Task to complete: Print every entry, word for word, and skip the images.

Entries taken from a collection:
········
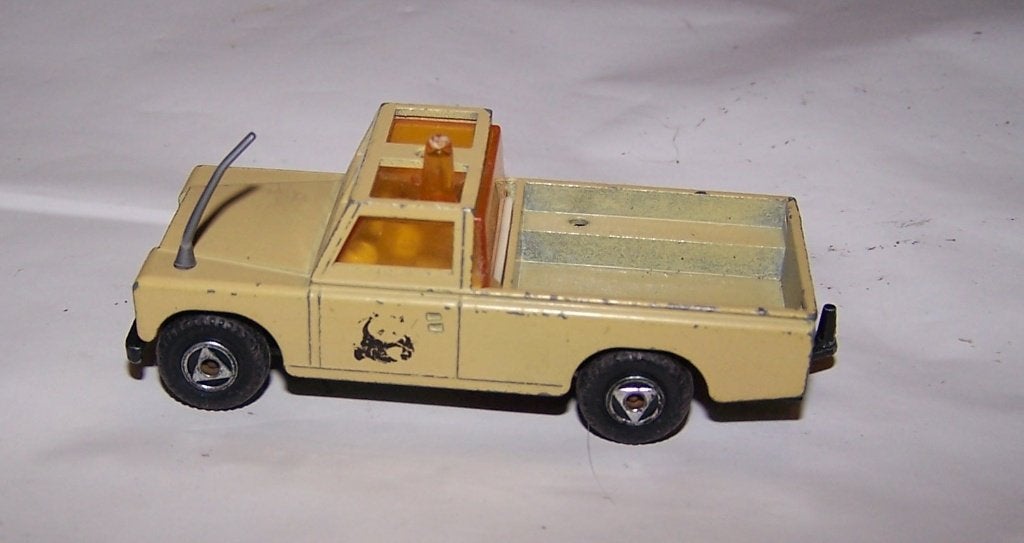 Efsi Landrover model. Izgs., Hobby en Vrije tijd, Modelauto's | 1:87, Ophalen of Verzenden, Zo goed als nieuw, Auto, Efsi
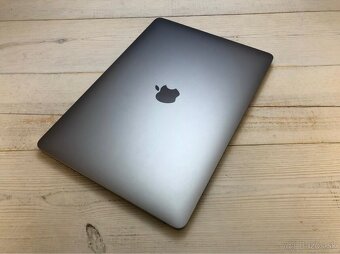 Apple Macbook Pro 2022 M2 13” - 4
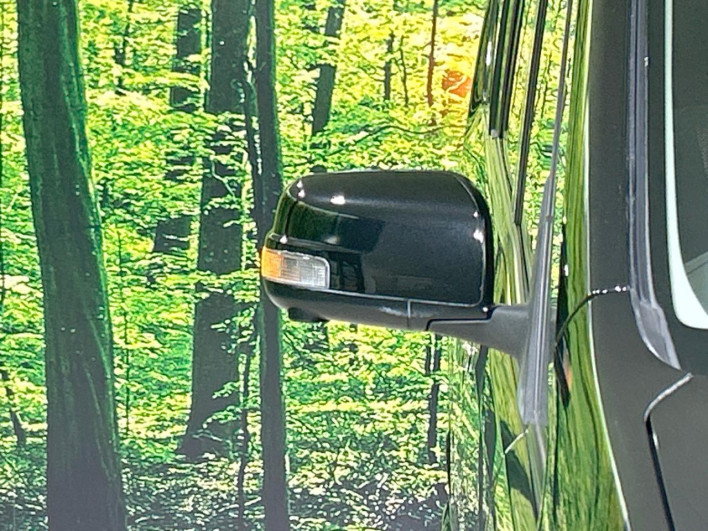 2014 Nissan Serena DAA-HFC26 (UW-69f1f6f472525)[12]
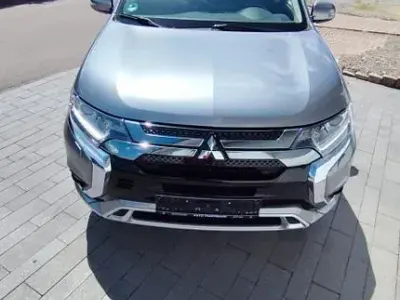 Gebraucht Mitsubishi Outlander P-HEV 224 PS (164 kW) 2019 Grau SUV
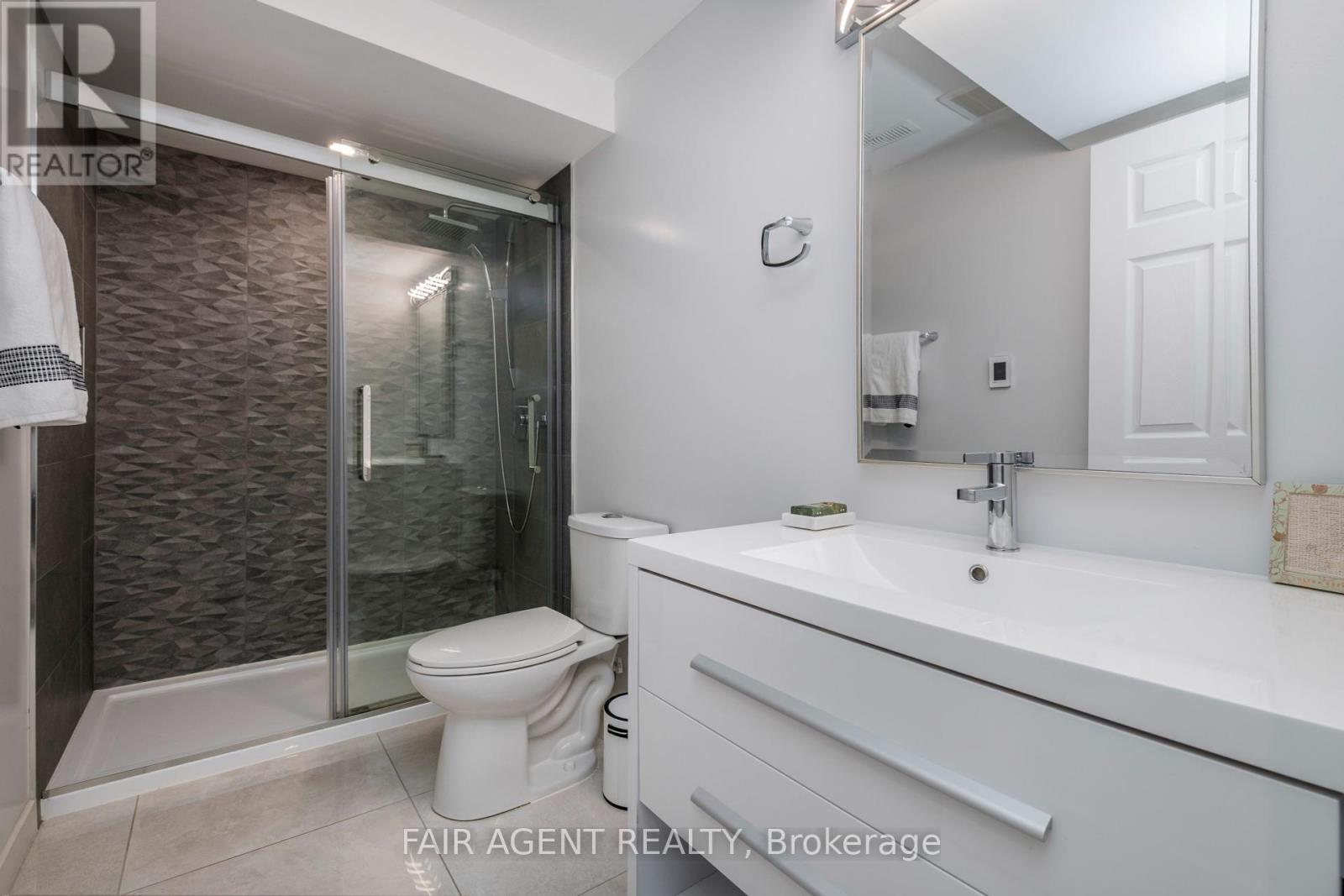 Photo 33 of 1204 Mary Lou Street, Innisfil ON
········
Answer box:
 Efsi Landrover model. Izgs., Hobby en Vrije tijd, Modelauto's | 1:87, Ophalen of Verzenden, Zo goed als nieuw, Auto, Efsi
 Apple Macbook Pro 2022 M2 13” - 4
 2014 Nissan Serena DAA-HFC26 (UW-69f1f6f472525)[12]
 Gebraucht Mitsubishi Outlander P-HEV 224 PS (164 kW) 2019 Grau SUV
 Photo 33 of 1204 Mary Lou Street, Innisfil ON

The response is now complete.